* What you need to do:
The line with "Licencat e autobusëve, protestë" marks the first line to copy, and the line with "Ukrainische Flaggen" marks the last. Transcribe that stretch of the data below exactly, without pictures.

* Dataset records:
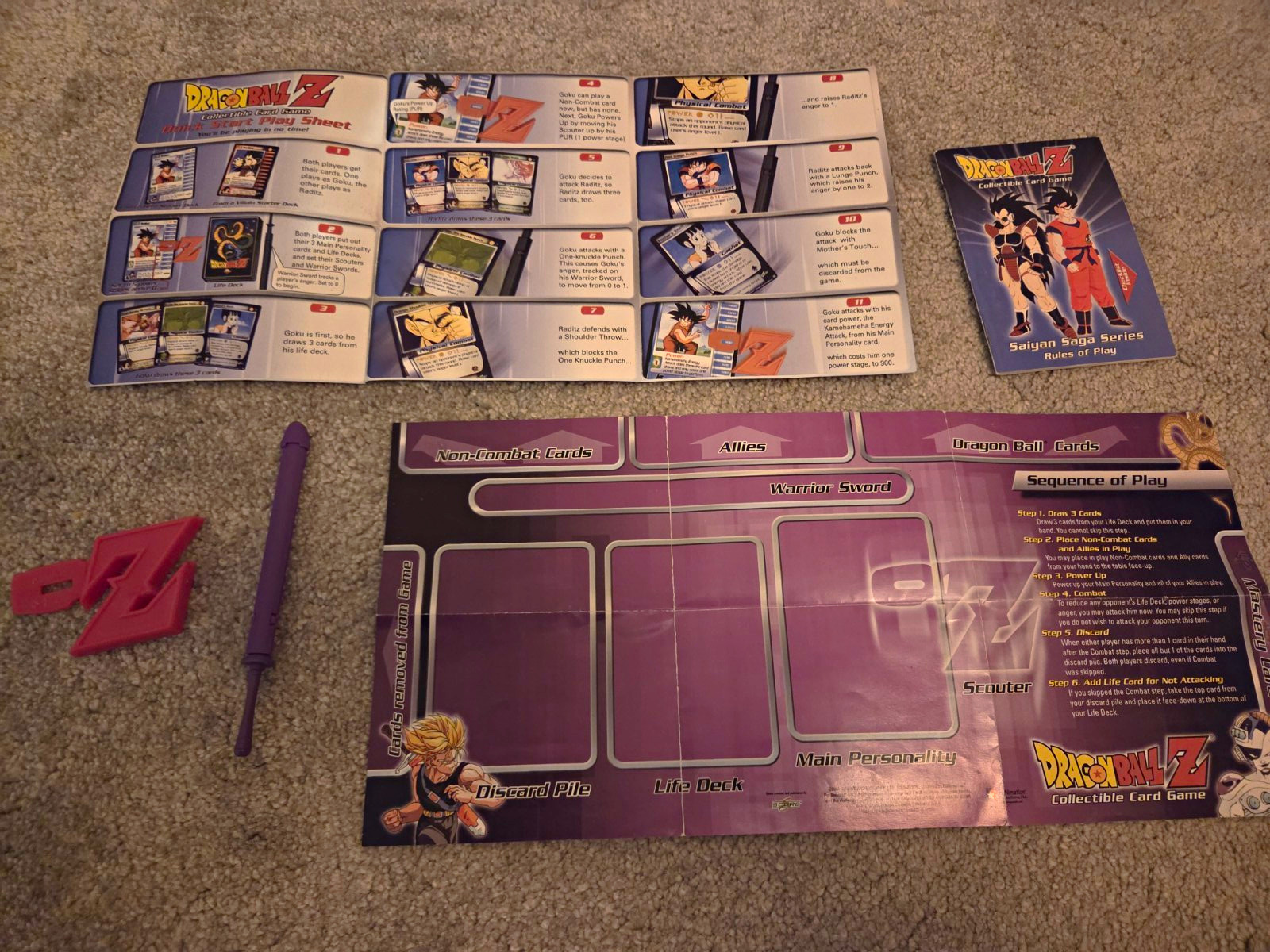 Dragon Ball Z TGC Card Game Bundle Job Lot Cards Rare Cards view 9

--

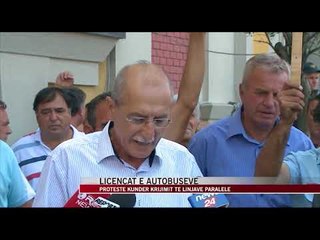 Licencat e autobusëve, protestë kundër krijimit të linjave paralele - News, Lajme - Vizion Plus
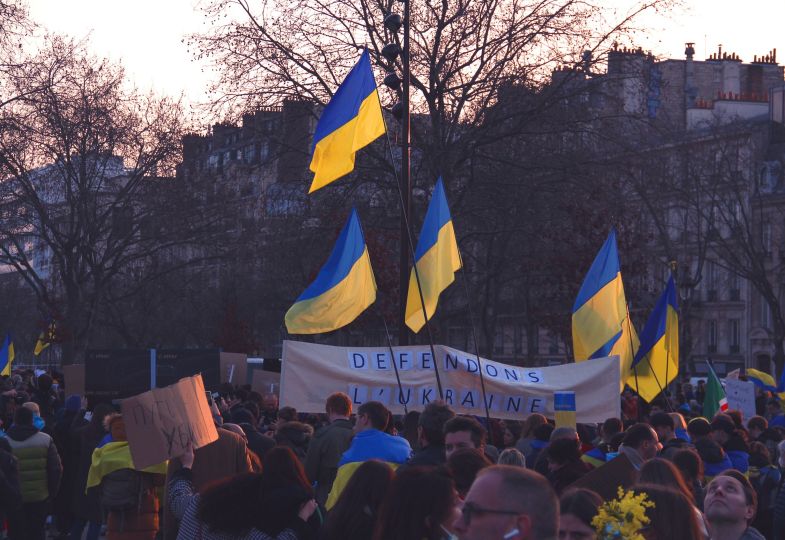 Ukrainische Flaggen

* * *

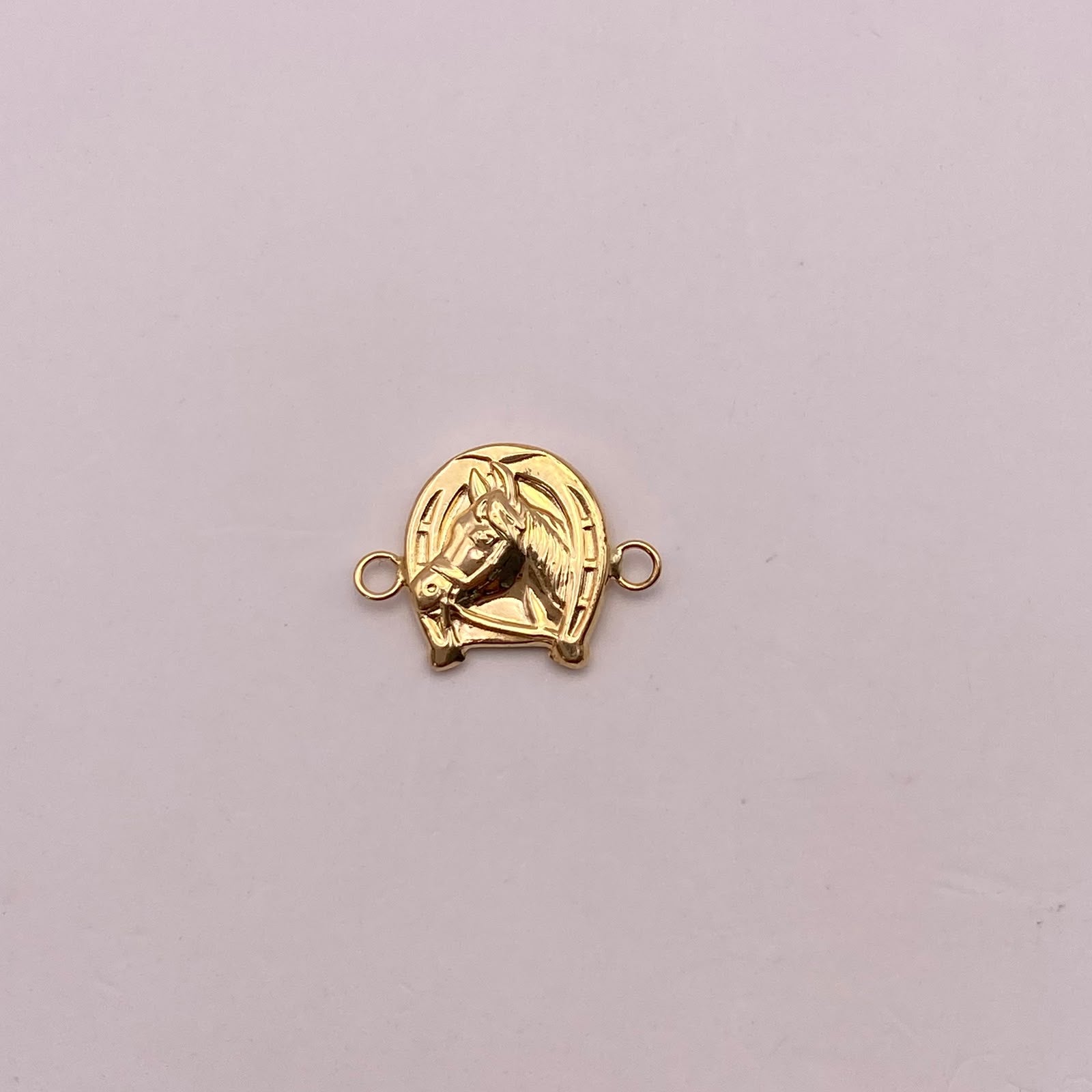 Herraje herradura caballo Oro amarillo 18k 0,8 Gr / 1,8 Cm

* Answer below:
 Licencat e autobusëve, protestë kundër krijimit të linjave paralele - News, Lajme - Vizion Plus
 Ukrainische Flaggen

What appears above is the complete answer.